(Caption-style text data)
=-=-=-=-=
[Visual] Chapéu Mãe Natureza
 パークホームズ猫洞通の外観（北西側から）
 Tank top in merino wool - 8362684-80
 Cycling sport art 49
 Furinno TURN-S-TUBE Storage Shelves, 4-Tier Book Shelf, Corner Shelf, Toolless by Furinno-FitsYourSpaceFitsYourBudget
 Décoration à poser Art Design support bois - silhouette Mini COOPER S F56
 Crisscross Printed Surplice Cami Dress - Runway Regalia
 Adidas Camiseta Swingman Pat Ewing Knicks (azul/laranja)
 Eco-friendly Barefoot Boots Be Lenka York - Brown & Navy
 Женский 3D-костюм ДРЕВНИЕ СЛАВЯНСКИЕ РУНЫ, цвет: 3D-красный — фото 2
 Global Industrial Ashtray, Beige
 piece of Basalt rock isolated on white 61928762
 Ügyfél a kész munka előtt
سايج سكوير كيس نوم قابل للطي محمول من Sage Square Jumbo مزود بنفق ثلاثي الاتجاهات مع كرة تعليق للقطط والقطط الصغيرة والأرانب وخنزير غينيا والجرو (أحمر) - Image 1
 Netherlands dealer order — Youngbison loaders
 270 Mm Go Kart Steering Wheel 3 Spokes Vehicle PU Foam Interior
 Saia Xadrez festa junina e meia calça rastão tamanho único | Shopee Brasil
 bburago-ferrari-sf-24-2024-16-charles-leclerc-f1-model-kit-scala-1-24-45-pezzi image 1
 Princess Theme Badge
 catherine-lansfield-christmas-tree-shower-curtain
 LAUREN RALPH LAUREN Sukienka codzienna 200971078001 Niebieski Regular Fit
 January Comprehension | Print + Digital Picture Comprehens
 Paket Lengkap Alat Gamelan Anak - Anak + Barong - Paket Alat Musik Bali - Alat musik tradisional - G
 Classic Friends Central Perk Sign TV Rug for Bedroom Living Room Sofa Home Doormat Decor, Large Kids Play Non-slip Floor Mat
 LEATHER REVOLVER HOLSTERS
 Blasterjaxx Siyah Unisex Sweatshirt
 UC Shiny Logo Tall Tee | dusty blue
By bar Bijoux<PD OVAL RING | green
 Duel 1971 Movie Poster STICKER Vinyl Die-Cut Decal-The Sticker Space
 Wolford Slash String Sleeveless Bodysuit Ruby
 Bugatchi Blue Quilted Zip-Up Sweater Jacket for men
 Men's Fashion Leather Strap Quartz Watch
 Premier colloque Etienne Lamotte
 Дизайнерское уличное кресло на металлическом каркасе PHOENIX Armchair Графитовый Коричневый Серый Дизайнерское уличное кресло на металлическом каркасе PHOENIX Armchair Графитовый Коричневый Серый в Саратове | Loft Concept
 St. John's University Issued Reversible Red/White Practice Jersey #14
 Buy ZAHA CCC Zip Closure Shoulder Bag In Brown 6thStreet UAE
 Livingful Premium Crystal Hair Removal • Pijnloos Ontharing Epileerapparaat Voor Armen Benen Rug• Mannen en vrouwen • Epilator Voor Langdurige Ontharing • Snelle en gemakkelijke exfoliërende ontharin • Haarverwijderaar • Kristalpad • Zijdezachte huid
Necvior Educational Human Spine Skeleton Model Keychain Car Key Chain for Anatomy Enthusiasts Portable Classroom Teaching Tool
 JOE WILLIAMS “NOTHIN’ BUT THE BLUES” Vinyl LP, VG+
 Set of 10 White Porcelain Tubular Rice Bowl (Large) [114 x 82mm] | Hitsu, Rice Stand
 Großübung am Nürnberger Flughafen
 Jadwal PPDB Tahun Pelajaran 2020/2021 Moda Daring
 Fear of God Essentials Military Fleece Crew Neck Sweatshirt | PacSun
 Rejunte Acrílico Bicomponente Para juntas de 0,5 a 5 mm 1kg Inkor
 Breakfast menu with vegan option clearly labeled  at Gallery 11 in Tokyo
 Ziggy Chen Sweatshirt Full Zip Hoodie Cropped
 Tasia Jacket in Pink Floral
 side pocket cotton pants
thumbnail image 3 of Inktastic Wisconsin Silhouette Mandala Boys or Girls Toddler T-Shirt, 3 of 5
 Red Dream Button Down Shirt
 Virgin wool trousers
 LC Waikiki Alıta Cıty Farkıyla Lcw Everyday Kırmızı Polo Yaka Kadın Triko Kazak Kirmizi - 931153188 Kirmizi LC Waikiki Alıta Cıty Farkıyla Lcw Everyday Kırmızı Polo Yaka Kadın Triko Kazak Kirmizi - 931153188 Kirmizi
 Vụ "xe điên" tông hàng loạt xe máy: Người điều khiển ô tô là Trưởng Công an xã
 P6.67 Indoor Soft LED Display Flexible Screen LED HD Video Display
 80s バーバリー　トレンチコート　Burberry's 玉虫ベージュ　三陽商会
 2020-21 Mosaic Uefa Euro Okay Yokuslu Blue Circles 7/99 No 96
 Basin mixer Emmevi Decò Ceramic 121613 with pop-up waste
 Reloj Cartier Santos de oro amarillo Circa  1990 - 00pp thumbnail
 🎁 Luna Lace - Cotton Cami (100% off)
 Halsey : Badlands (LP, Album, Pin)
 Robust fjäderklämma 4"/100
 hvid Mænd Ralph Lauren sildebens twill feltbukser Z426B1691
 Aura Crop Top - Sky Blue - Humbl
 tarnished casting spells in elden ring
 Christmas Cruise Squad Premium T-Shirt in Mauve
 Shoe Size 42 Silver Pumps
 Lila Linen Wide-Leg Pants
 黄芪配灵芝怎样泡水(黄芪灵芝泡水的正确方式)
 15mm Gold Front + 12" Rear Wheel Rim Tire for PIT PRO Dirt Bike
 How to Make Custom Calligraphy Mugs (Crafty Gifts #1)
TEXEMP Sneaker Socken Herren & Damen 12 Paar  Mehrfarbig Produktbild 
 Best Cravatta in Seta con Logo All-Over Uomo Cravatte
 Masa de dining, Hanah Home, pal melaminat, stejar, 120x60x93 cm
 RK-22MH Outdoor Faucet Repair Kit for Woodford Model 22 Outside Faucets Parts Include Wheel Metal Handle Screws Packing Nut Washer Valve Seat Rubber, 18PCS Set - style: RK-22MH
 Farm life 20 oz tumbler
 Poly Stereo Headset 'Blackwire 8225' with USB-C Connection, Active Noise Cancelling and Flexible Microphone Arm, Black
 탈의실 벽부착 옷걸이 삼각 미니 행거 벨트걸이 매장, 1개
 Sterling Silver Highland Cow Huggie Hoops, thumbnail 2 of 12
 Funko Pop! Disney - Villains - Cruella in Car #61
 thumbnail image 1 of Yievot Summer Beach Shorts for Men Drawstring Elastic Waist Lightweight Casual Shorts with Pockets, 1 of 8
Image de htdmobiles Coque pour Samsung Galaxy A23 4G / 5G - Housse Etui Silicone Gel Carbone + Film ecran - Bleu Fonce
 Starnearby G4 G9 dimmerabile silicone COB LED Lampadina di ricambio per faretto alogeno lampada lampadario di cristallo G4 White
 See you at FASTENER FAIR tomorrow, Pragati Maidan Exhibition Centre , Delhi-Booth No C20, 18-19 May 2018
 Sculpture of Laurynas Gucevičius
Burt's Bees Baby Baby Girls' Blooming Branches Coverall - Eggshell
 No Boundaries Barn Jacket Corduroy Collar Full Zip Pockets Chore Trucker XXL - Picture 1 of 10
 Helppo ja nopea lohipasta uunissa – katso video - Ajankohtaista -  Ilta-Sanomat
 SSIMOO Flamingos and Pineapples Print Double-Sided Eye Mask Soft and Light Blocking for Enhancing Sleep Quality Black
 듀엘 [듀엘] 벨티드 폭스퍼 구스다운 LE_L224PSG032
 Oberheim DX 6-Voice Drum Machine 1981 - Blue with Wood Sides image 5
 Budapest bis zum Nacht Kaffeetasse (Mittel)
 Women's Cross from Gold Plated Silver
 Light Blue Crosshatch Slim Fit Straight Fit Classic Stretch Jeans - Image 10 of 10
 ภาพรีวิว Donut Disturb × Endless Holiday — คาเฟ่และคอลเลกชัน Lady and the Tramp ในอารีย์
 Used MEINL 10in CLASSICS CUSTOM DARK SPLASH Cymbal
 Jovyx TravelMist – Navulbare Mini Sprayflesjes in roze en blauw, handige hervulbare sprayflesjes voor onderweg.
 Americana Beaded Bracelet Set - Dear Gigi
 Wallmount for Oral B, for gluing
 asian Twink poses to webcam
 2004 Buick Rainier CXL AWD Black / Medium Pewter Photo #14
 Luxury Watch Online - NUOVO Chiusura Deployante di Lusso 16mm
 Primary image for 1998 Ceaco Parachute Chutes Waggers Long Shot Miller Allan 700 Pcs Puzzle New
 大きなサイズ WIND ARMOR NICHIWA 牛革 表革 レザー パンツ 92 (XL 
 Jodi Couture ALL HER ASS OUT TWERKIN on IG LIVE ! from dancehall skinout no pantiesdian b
=-=-=-=-=
*Your goal*:
Take the line above containing "Aura Crop Top - Sky Blue - Humbl", the line containing "Budapest bis zum Nacht Kaffeetasse (Mittel)", and all lines in between, and copy them exactly without anything else.

*Response to this task*:
 Aura Crop Top - Sky Blue - Humbl
 tarnished casting spells in elden ring
 Christmas Cruise Squad Premium T-Shirt in Mauve
 Shoe Size 42 Silver Pumps
 Lila Linen Wide-Leg Pants
 黄芪配灵芝怎样泡水(黄芪灵芝泡水的正确方式)
 15mm Gold Front + 12" Rear Wheel Rim Tire for PIT PRO Dirt Bike
 How to Make Custom Calligraphy Mugs (Crafty Gifts #1)
TEXEMP Sneaker Socken Herren & Damen 12 Paar  Mehrfarbig Produktbild 
 Best Cravatta in Seta con Logo All-Over Uomo Cravatte
 Masa de dining, Hanah Home, pal melaminat, stejar, 120x60x93 cm
 RK-22MH Outdoor Faucet Repair Kit for Woodford Model 22 Outside Faucets Parts Include Wheel Metal Handle Screws Packing Nut Washer Valve Seat Rubber, 18PCS Set - style: RK-22MH
 Farm life 20 oz tumbler
 Poly Stereo Headset 'Blackwire 8225' with USB-C Connection, Active Noise Cancelling and Flexible Microphone Arm, Black
 탈의실 벽부착 옷걸이 삼각 미니 행거 벨트걸이 매장, 1개
 Sterling Silver Highland Cow Huggie Hoops, thumbnail 2 of 12
 Funko Pop! Disney - Villains - Cruella in Car #61
 thumbnail image 1 of Yievot Summer Beach Shorts for Men Drawstring Elastic Waist Lightweight Casual Shorts with Pockets, 1 of 8
Image de htdmobiles Coque pour Samsung Galaxy A23 4G / 5G - Housse Etui Silicone Gel Carbone + Film ecran - Bleu Fonce
 Starnearby G4 G9 dimmerabile silicone COB LED Lampadina di ricambio per faretto alogeno lampada lampadario di cristallo G4 White
 See you at FASTENER FAIR tomorrow, Pragati Maidan Exhibition Centre , Delhi-Booth No C20, 18-19 May 2018
 Sculpture of Laurynas Gucevičius
Burt's Bees Baby Baby Girls' Blooming Branches Coverall - Eggshell
 No Boundaries Barn Jacket Corduroy Collar Full Zip Pockets Chore Trucker XXL - Picture 1 of 10
 Helppo ja nopea lohipasta uunissa – katso video - Ajankohtaista -  Ilta-Sanomat
 SSIMOO Flamingos and Pineapples Print Double-Sided Eye Mask Soft and Light Blocking for Enhancing Sleep Quality Black
 듀엘 [듀엘] 벨티드 폭스퍼 구스다운 LE_L224PSG032
 Oberheim DX 6-Voice Drum Machine 1981 - Blue with Wood Sides image 5
 Budapest bis zum Nacht Kaffeetasse (Mittel)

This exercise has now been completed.